After the end of today’s rock spectacular, Lukens said, Worldwide will put together a four-hour program of taped Live Aid highlights and provide it to the United States Information Agency for release to any country requesting it.

Despite Russia’s sudden decision to air Live Aid, a Soviet contingent here was still struggling Friday to get press credentials to cover the event as a news story for print and broadcast outlets. Theirs was not a solitary struggle.

Bureaucratic bedlam to rival the red tape of a Kremlin nightmare reigned supreme.
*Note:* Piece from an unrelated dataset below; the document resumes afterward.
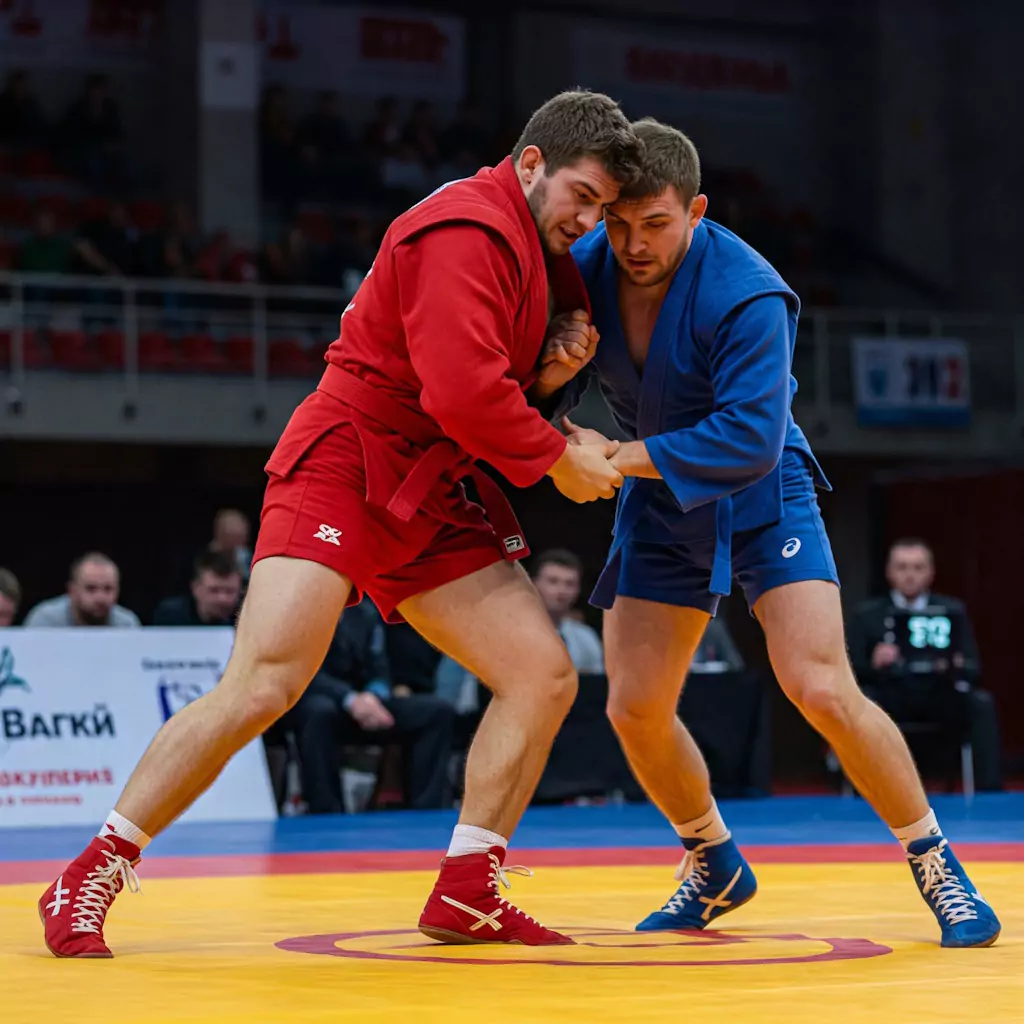 sambo sportowe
Soviet broadcast technicians were hitting the same roadblocks trying to get official access to the high-security stadium as everyone else.

Nobody, not even the executives running the show, could get things done.

“My own people can’t get credentials and we’re producing the show,” Uplinger complained.

Such are the vagaries of getting things done in a rock-’n’-roll boomtown.

In just two days, a miniature makeshift city--complete with its own commissary and a tent version of Beverly Center’s Hard Rock Cafe--has risen behind the 100-foot-high Live Aid stage here.

Thirty-seven broadcast trucks and mobile homes are crowded together in a hodgepodge of cables and video-audio feed lines. The electronic spaghetti trails link Worldwide, ABC (the exclusive TV-radio network carrying the U.S. broadcasts with its own army of 95 technicians) and nearly 1,000 other media organization representatives from the U.S. and overseas.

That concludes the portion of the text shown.